Yesterday I was relaxing watching TV after work and saw a commercial for Oprah that was to be aired later that day. I saw that they had like some kind of OCD boot camp, so I decided to watch it.
I rarely watch Oprah, not because I don’t like her, its just that I am so used to working during that time I just never had the chance to watch her. There was one lady on there that was EXACTLY like me. She was afraid that her food was contaminated. That is a fear that I live every single day! I was watching her video of her examining her food and I said OMG that is me! Kenny was watching and he just looked at me before I said it and he asked if she was having a panic attack like I do sometimes.
I never really considered myself as having OCD and according to Dr. Oz on the show everyone has some OCD but for some individuals it turns into a fear that takes over their lives.
April has the most difficult time keeping her food and drink down. For years, she says she’s had trouble eating because she’s always afraid that her food is poisoned. When she sees the pizza boxes in the dining hall, she says she wants to run out of the room. “I thought I was going to die,” she says.
Finally, she confronts her fear head-on by swallowing some soda someone else poured. The first drink is difficult, but for April, the worst is yet to come. “It’s not over yet because it’s in me,” she says. “Now the fear is coming of what’s going to happen now.”

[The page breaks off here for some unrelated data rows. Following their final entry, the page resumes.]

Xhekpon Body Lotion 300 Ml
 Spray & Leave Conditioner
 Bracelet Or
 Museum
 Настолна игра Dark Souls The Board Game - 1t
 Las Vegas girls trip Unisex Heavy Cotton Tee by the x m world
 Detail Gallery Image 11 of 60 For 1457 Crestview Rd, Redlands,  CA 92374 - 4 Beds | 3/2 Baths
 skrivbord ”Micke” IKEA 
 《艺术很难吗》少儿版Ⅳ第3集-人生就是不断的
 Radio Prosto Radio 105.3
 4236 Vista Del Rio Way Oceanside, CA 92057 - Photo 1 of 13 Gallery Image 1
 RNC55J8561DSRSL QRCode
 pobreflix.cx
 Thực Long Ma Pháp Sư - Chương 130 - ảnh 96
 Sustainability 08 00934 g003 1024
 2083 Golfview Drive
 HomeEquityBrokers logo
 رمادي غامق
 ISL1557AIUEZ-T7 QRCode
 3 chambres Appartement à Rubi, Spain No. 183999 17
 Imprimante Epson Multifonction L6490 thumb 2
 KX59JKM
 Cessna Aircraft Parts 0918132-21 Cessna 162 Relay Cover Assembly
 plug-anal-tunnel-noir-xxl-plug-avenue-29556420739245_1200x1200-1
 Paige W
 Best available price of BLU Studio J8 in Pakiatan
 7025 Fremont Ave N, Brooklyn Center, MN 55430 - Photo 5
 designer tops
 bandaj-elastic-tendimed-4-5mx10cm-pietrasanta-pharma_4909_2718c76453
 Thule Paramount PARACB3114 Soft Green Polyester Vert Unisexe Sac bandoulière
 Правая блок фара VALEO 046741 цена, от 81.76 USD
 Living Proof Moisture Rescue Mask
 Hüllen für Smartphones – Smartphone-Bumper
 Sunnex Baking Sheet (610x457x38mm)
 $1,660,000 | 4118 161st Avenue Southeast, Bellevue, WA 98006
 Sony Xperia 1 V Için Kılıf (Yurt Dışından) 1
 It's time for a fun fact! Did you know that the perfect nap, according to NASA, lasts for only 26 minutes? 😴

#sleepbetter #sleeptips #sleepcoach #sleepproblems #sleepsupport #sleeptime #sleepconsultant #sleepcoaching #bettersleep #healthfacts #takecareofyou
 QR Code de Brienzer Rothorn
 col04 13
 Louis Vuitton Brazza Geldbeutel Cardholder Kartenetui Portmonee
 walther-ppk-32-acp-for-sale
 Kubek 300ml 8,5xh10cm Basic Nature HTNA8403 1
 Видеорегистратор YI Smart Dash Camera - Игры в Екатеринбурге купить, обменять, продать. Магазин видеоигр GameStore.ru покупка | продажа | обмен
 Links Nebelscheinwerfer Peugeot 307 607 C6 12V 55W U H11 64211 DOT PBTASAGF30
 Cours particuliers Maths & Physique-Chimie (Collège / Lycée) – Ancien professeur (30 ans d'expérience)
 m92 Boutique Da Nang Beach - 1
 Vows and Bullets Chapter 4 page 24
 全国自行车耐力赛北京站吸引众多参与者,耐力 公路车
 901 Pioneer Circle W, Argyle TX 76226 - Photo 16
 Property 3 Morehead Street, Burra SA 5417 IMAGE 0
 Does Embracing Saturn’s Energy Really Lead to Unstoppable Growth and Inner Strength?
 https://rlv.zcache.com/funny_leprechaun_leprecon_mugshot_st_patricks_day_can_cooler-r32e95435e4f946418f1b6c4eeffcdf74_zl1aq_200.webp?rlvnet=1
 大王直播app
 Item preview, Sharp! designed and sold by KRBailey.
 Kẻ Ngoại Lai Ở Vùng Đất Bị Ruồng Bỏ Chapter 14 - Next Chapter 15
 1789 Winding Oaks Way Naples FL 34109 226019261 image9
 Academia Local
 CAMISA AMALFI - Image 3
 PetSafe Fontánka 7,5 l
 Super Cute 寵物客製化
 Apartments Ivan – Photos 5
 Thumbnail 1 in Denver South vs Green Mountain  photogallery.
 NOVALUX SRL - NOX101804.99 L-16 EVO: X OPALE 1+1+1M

My biggest obsession is this. When I am driving I HAVE TO have a drink with me, usually coffee or iced tea that I only get at Starbucks because that is my “safe place”, on occasion I will get a meal at a drive thru like McDonalds but it has to be one that I am familiar with or I get paranoid about the food.
MANY times I have paid almost $5 for a Latte at Starbucks, stopped at a store and left the car unlocked, when I come back in the car I will not drink my coffee, I will throw it away because in my mind it is contaminated.
If I leave a open bottle of water or a drink on the counter in my own home and my son is home I will not drink it because I think he put something either by accident or on purpose.
If someone else cooks for me in my own house I get nervous because I think I may be poisoned or get sick. I remember after the birth of my second son Joshua who has since passed on, I would sit at the table and my ex husband would literally try and feed me. In my mind I would die if I ate food I did not cook I was also afraid to fall asleep because I was afraid I would not wake up. I had post partum depression very bad then. When I did eat I was physically ill.
Dr. Oz says mental anguish can also make someone like April feel physically ill. “The intestinal system has as many nerves as your spine does,” he says. “When you get sick emotionally, you get sick viscerally in your gut, as well. That’s why you get nervous and you vomit sometimes.”